Thanks Mike - That's almost exactly what I'm doing so I think I'm probably on the right track. I've been using that Blue Tubes limiter. It's not bad... But I downloaded the Demo of Elephant and plugged in the two side by side. Same exact thing you suggested with a separate project for the master, etc. Literally everything the same except the limiter. Then I adjust both as I would normally - even made sure the readouts were the exact same in Span. Then I mixed it down and listened side by side in my car, different headphones, my nice living room stereo, the crappy speakers I have at work, etc...
Voxengo was clearly the winner.
Bass sounds defined and smooth. Around 300-500hz was abrasive on the Blue Tubes version (could have been a problem with the mix, but for whatever reason Voxengo took care of it...) Also, looking at the wave forms in Audacity, it looks like I could have bumped the Voxengo version up even higher, whereas the Blue Tubes version would have been noticeably squashed...

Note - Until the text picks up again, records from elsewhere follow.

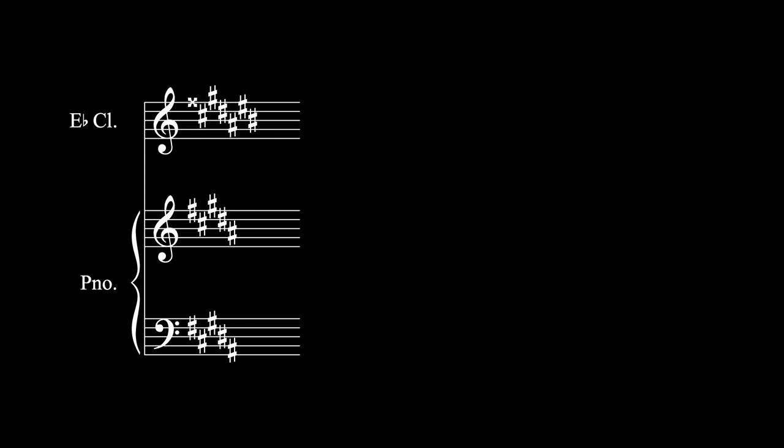Another exception is transposing instruments. Let's say your piece is in B-major and it contains an E-flat clarinet. Well, B-major, when transposed down a minor third for E-flat clarinets, would be G-sharp major, which has an F-double-sharp in it. You can't have a key signature with an F-double-sharp in it, so this would be notated as A-flat major in the E-flat clarinet part.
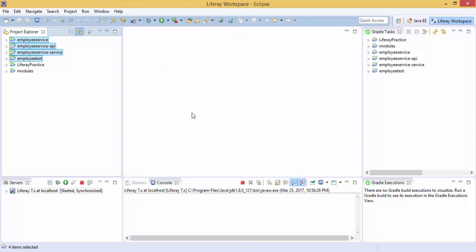Hello friends, so in the previous tutorial we installed Blade CLI. In this tutorial we try to create our module with the help of Blade CLI.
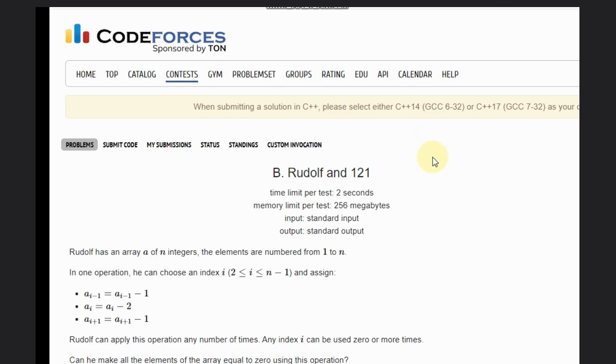Hello, welcome back to our YouTube channel. Today we are going to see the Codeforces problem B, that is Rudolph and Bunny 21. So let's create the problem statement.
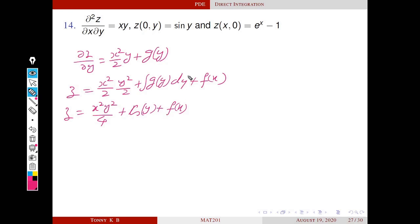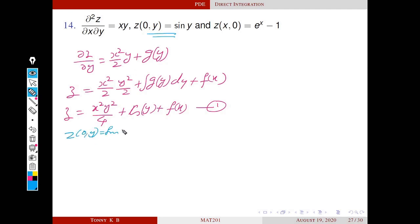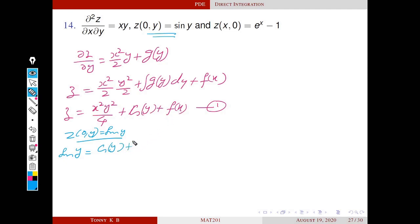Next we find the particular solution satisfying the two conditions. Applying the first condition z(0,y) = sin y: substituting x = 0, the term x²y²/4 becomes 0 and f(x) term reduces to f(0), giving sin y = g(y) + f(0). This implies g(y) = sin y - f(0).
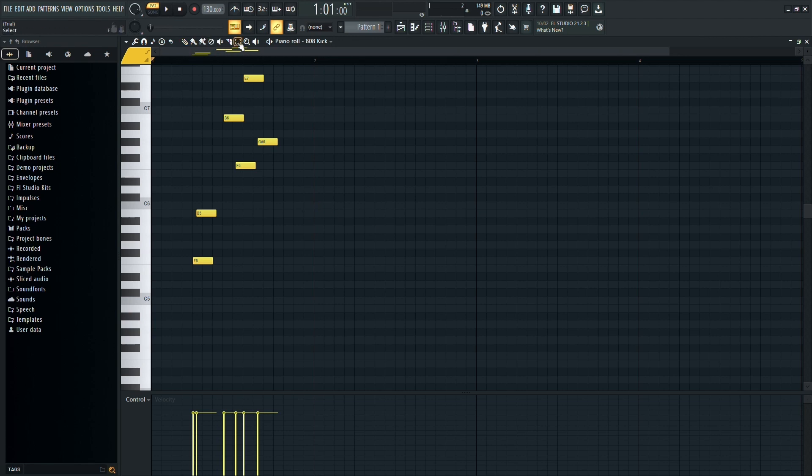Now, there are several ways to copy and paste notes in the piano roll, but let's start with one of the easiest methods.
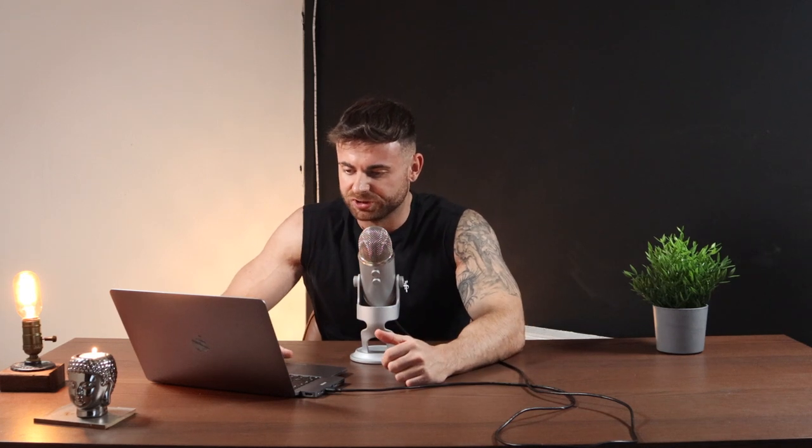Because I know if you're running a store and you get suspended, or you're trying to run Google Ads and you get suspended, it's very annoying. I've seen it happen to me personally at the end of 2021, and that's why we've changed our method to run on Google Ads. So let's jump in the screen.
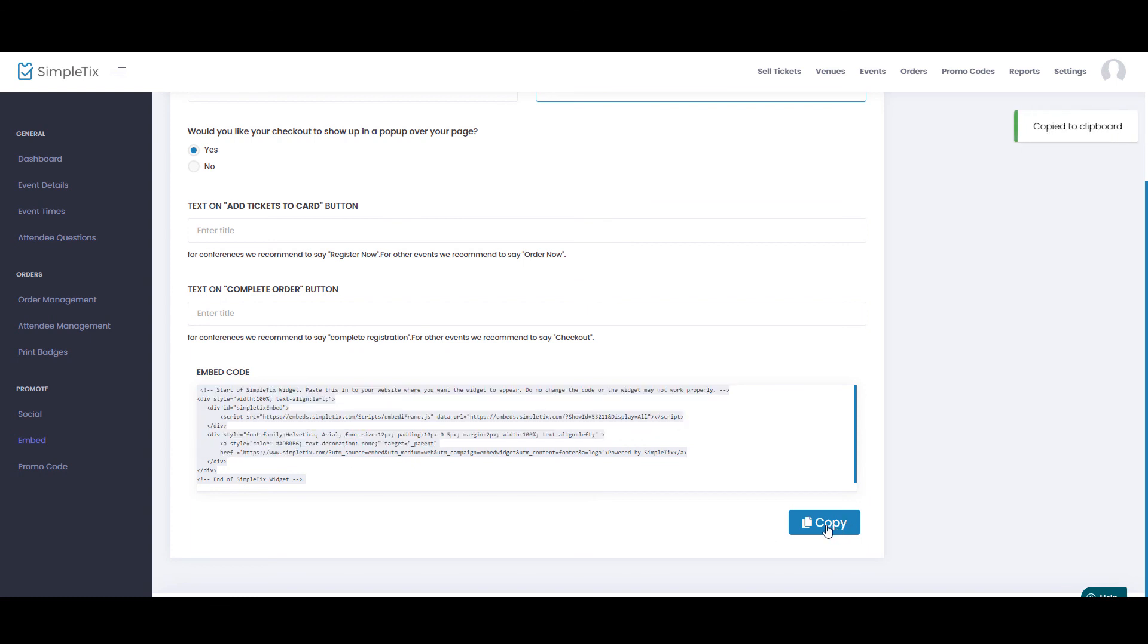Alright, well thanks for watching our videos today on how to create a trade show event with SimpleTix for both general admission attendee tickets as well as vendor booths.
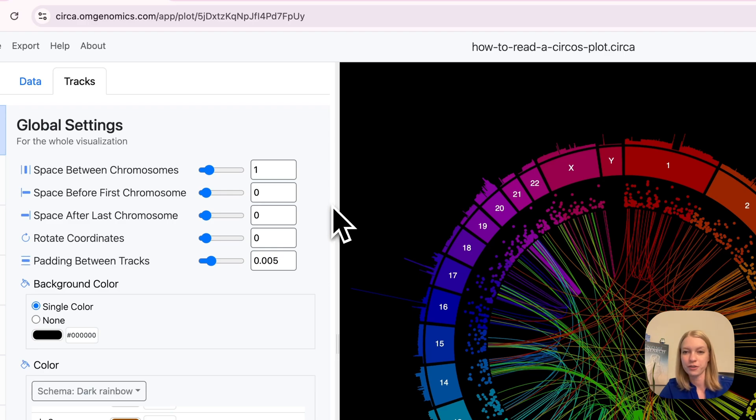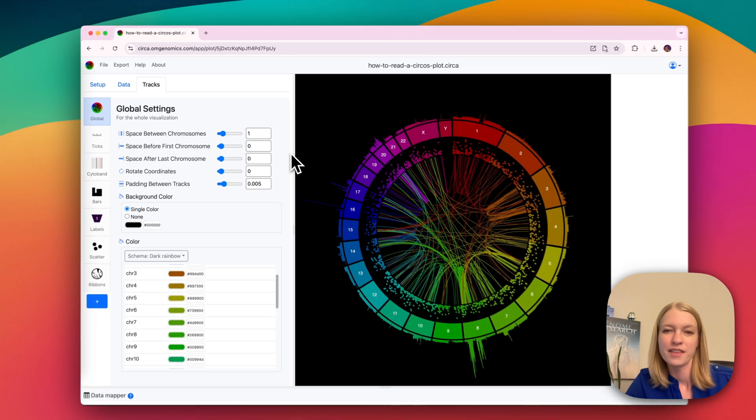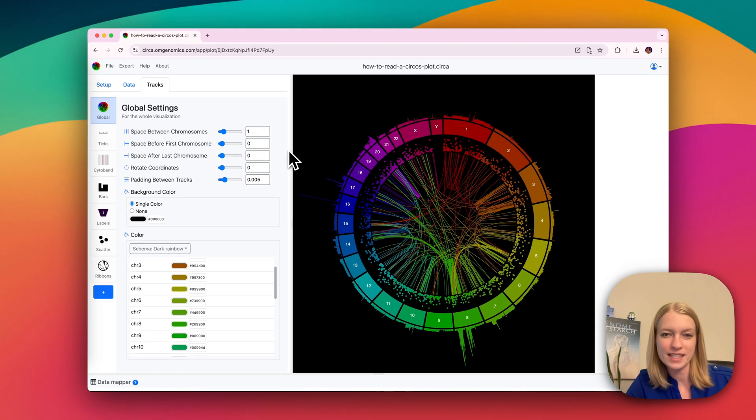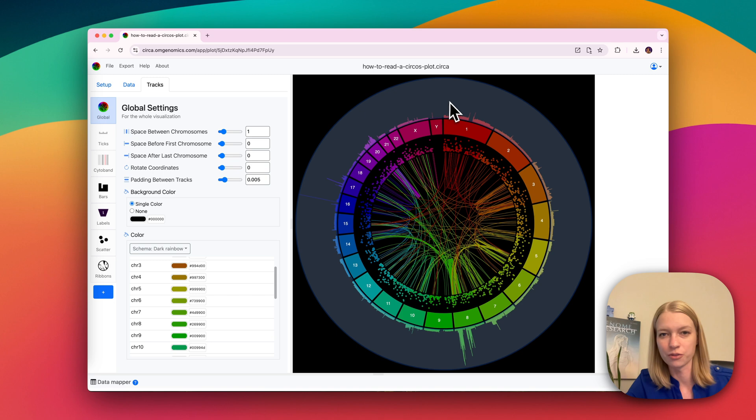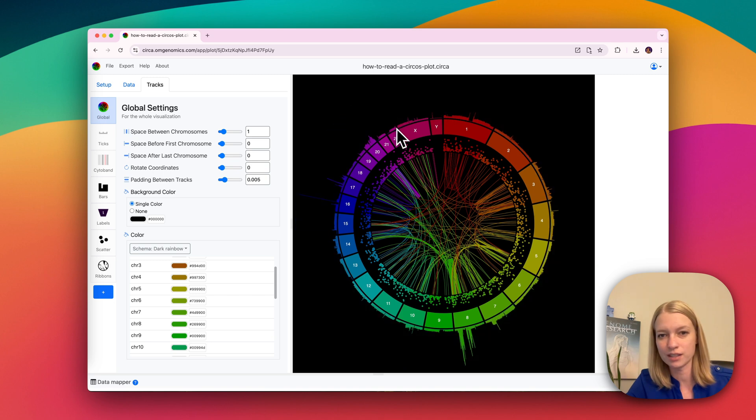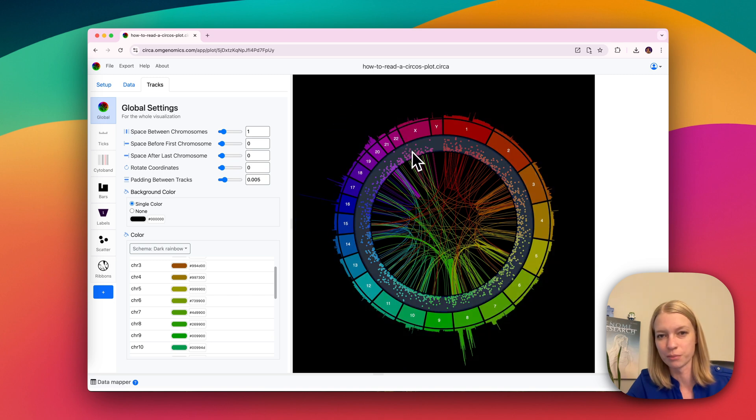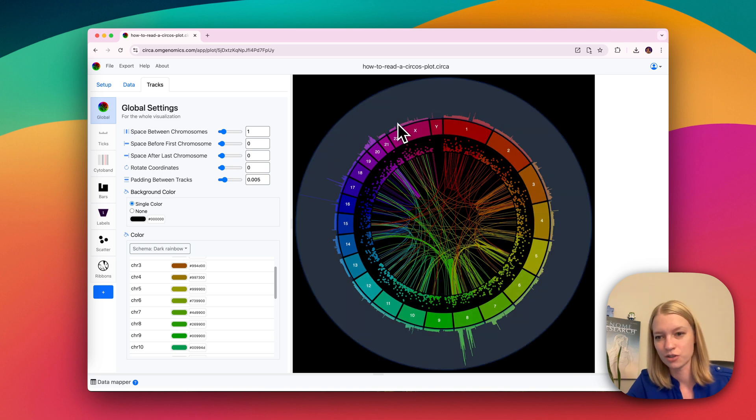Let's go over how to read a Circos plot. The basic vocabulary is that a Circos plot contains tracks, and if I hover over them here, you can see each track.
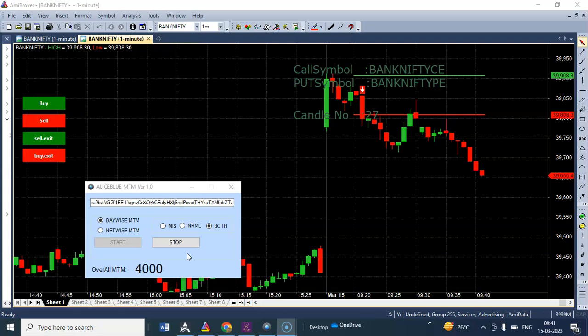Now the market was cracking down very hard and our profit was running around three thousand eight hundred.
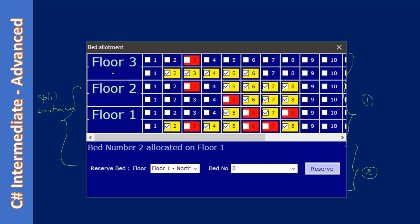This is actually a hospital bed reservation system. You can imagine it like that, or you can even think of this as a seat reservation for a concert hall. For simplicity, we will take it as a hospital which has three floors: floor one, ground floor, second floor, and third floor, and there are beds that are allocated on each floor.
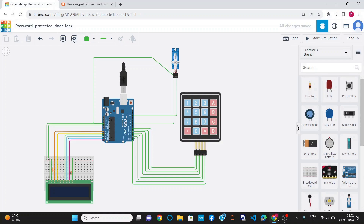Hello everyone, myself Kesep Kumar Agrawal. In this project, I am going to demonstrate the project Password Protected Door Lock.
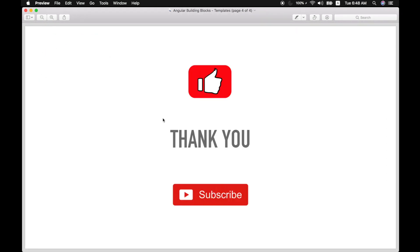If you like my video please hit that like button and do subscribe to my channel to get updates whenever I post a video. If you have a request to post any other type of Angular videos do let me know in the comments below. Thank you.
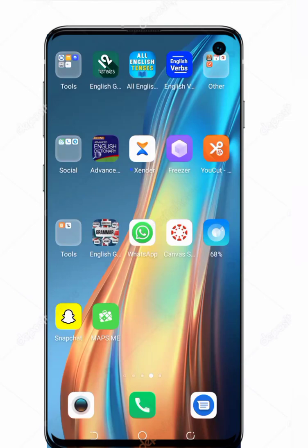Hello everybody, welcome to this video. I'm here to help with something — I think some people are having trouble identifying whether they have submitted their assignment or not, and they are also having trouble with checking the assessment of their peers' assignments. To do that, first you have to install the Canvas Student application on your mobile phone.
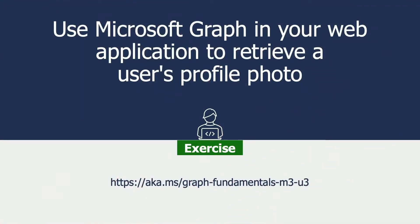In this hands-on exercise, we're going to see how Microsoft Graph can be used to retrieve a user's profile photo, as we've talked about up to this point. You can jump right to this exercise on Microsoft Learn by going to aka.ms/graph-fundamentals-m3-u3. That'll get you right to the steps that I'm going to run in just a moment.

I've only been at this a couple of years, and the reasons could have been some sort of setting or something - but Voxengo definitely got the job done and addressed some of the sonic issues that I've been struggling with...
I also liked that Voxengo has a transient shaper of sorts... I was able to dial in some of the things I wanted to do using that when I haven't been able to do it before.
That's what I'm leaning so hard towards Voxengo over Ozone... I can't imagine something performing better. And I'd have to get the Advanced version of Ozone which is 500. If I buy all the mastering plugins included in the mastering bundle from Voxengo, I'd only pay 300ish... (Elephant, Soniformer, Curve EQ, Polysquaher) - Would Ozone do anything these couldn't?